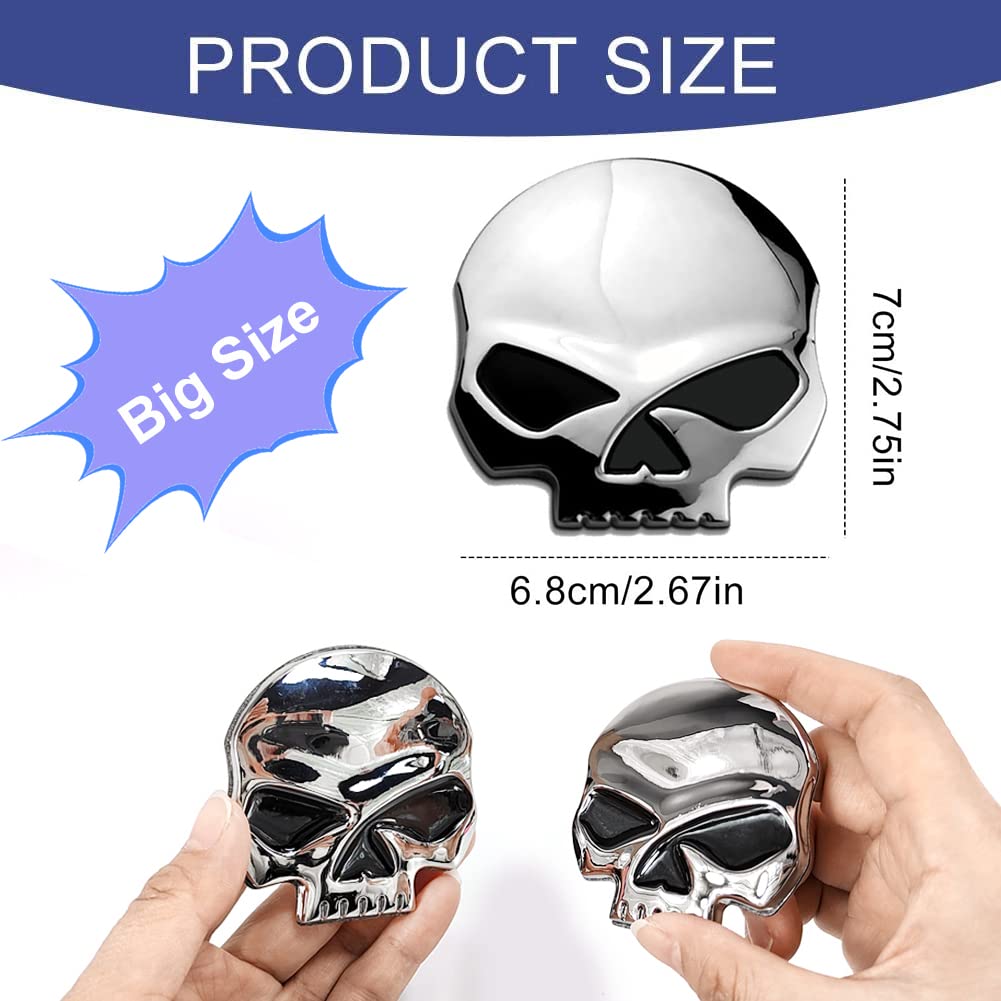 Autocollant 3D en métal pour voiture et moto - 7 x 6,8 cm - Emblème de crâne - Accessoire de style - Doré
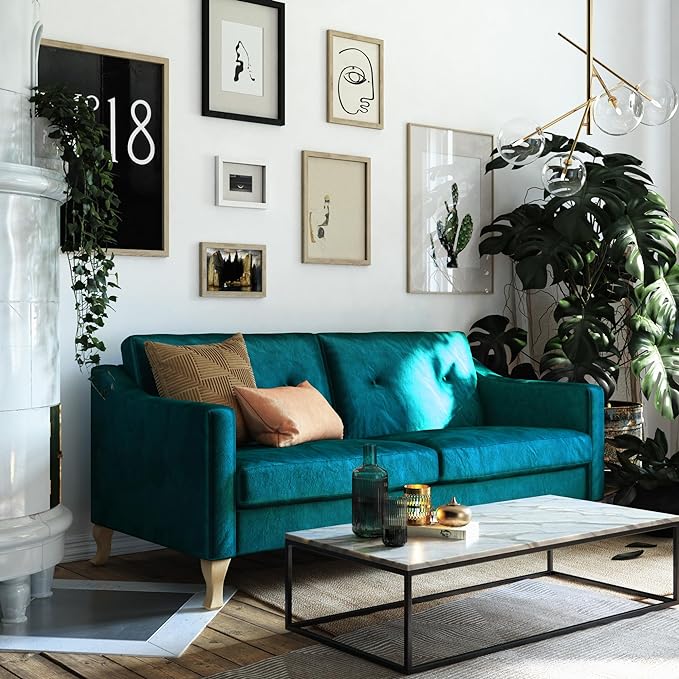 Mr. Kate Tess Sofa with Soft Pocket Coil Cushions, Small Space Living Room Furniture, Green Velvet - LeafyLoom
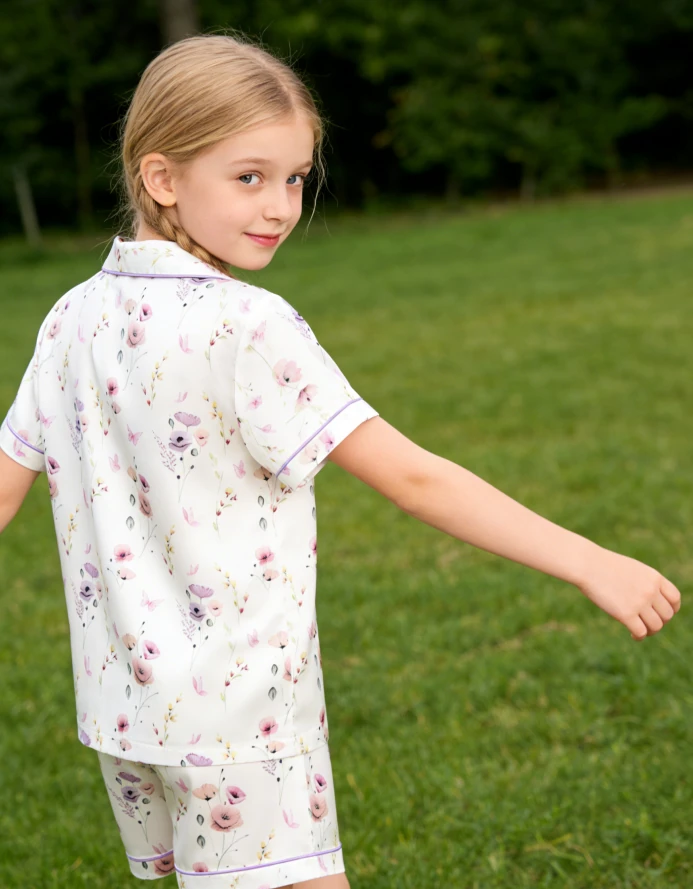 Children Edge Of The Meadow Satin Short PJ Set Kids Summer Pajamas Button Down Short Clothing Set product image 3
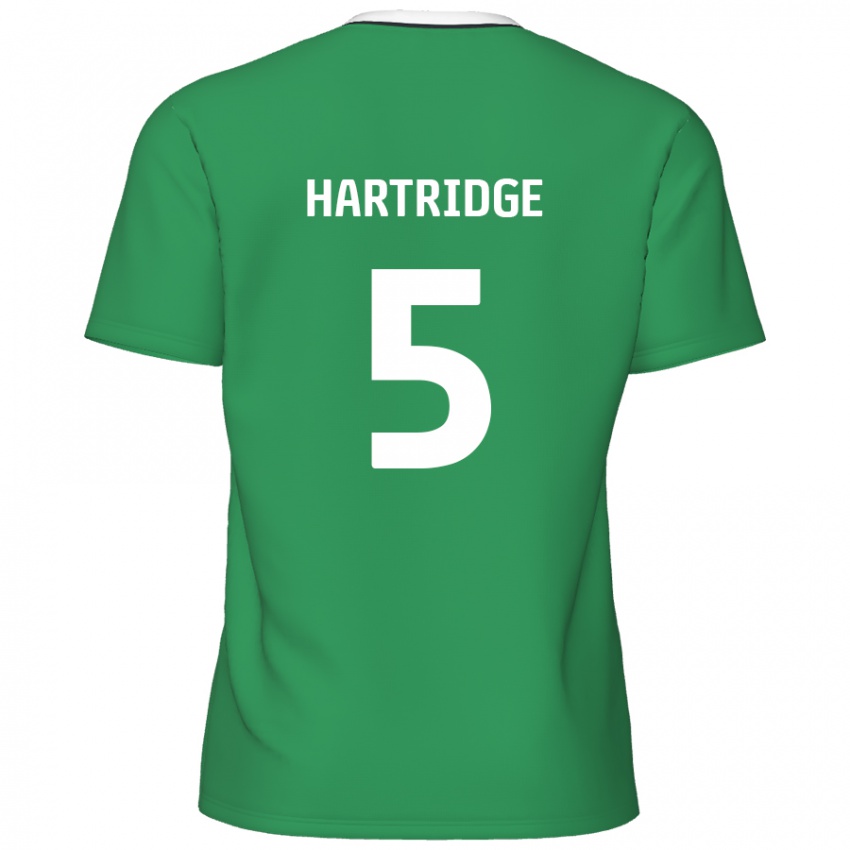 Kinder Alex Hartridge #5 Grün Weiße Streifen Auswärtstrikot Trikot 2024/25 T-Shirt Schweiz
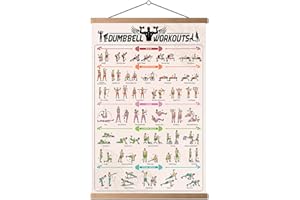 HYUOEP Poster mit Hantel-Trainingspose, dekorativer Körperpositionsdiagramm, Druck auf Leinwand, Wohnzimmer, Poster, Schlafzimmer, Wandkunst, 40,6 x 61 cm, mit Rahmen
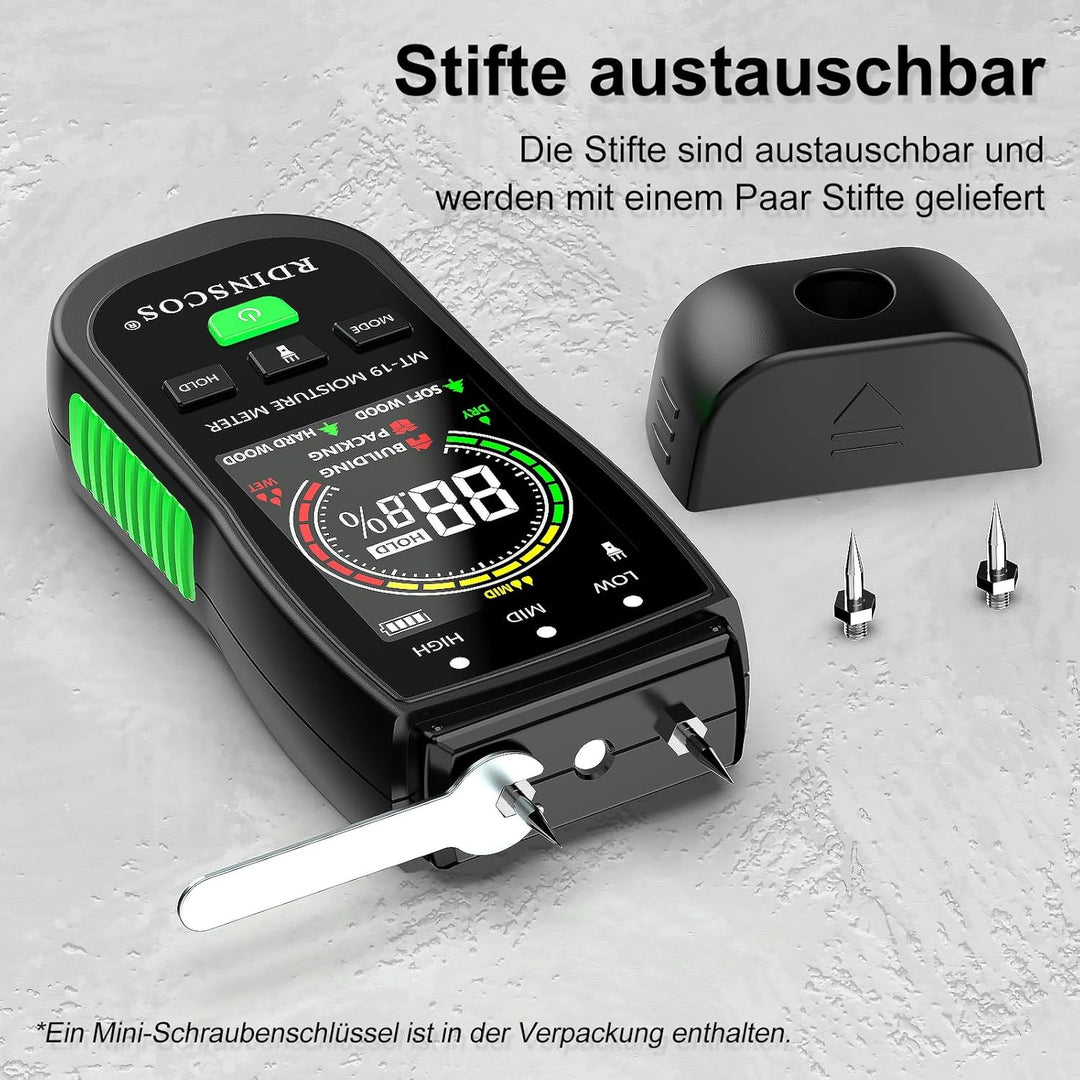 Holzfeuchtemessgerät Brennholz RDINSCOS Holz Feuchtigkeitsmesser Hold-Funktion Feuchtigkeitsmessgerä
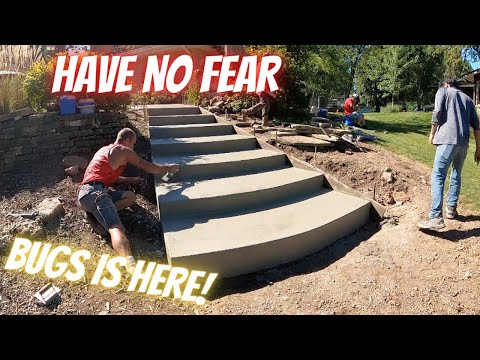 BIG concrete job! LOTS going on! Steps-Driveway-Garage-Stamped-Walks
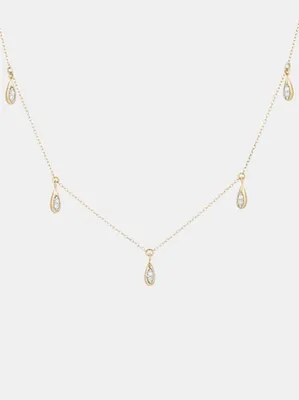 Pave Water Drop Chain Necklace Y14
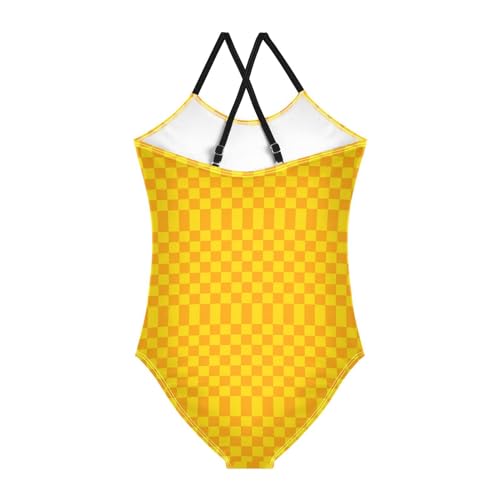 Image of Black and White Chess Girls One Piece Swimsuits Board Marble Tile Sport Halter Swimwear Beach Bathing Suit 3T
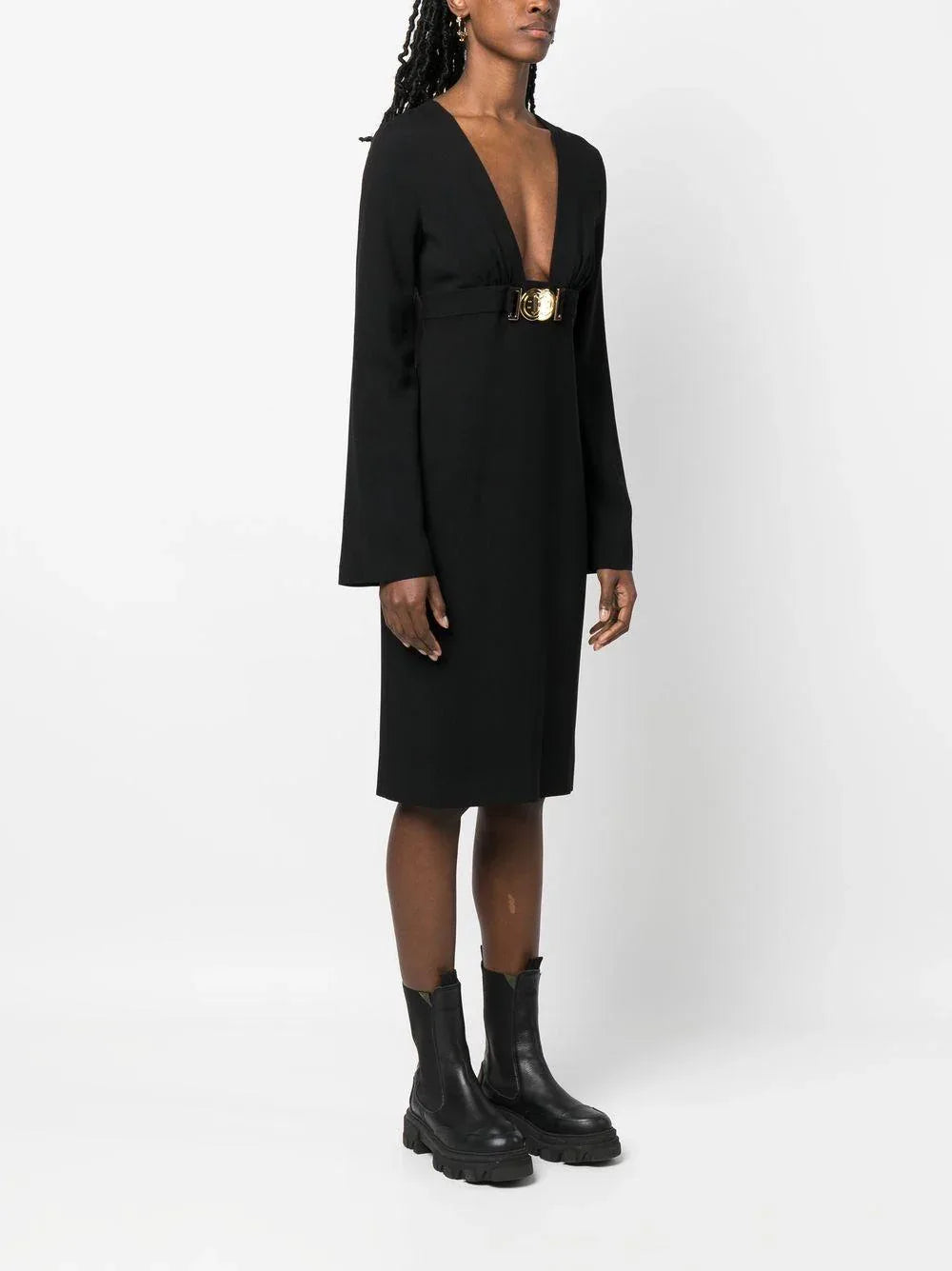 Abito nero cintura fibbia smile - Preludio Moda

— Assignment —
The answer must be the full listing, word for word, with no images in it.

— Answer section —
 Autocollant 3D en métal pour voiture et moto - 7 x 6,8 cm - Emblème de crâne - Accessoire de style - Doré
 Mr. Kate Tess Sofa with Soft Pocket Coil Cushions, Small Space Living Room Furniture, Green Velvet - LeafyLoom
 Children Edge Of The Meadow Satin Short PJ Set Kids Summer Pajamas Button Down Short Clothing Set product image 3
 Kinder Alex Hartridge #5 Grün Weiße Streifen Auswärtstrikot Trikot 2024/25 T-Shirt Schweiz
 HYUOEP Poster mit Hantel-Trainingspose, dekorativer Körperpositionsdiagramm, Druck auf Leinwand, Wohnzimmer, Poster, Schlafzimmer, Wandkunst, 40,6 x 61 cm, mit Rahmen
 Holzfeuchtemessgerät Brennholz RDINSCOS Holz Feuchtigkeitsmesser Hold-Funktion Feuchtigkeitsmessgerä
 BIG concrete job! LOTS going on! Steps-Driveway-Garage-Stamped-Walks
 Pave Water Drop Chain Necklace Y14
 Image of Black and White Chess Girls One Piece Swimsuits Board Marble Tile Sport Halter Swimwear Beach Bathing Suit 3T
 Abito nero cintura fibbia smile - Preludio Moda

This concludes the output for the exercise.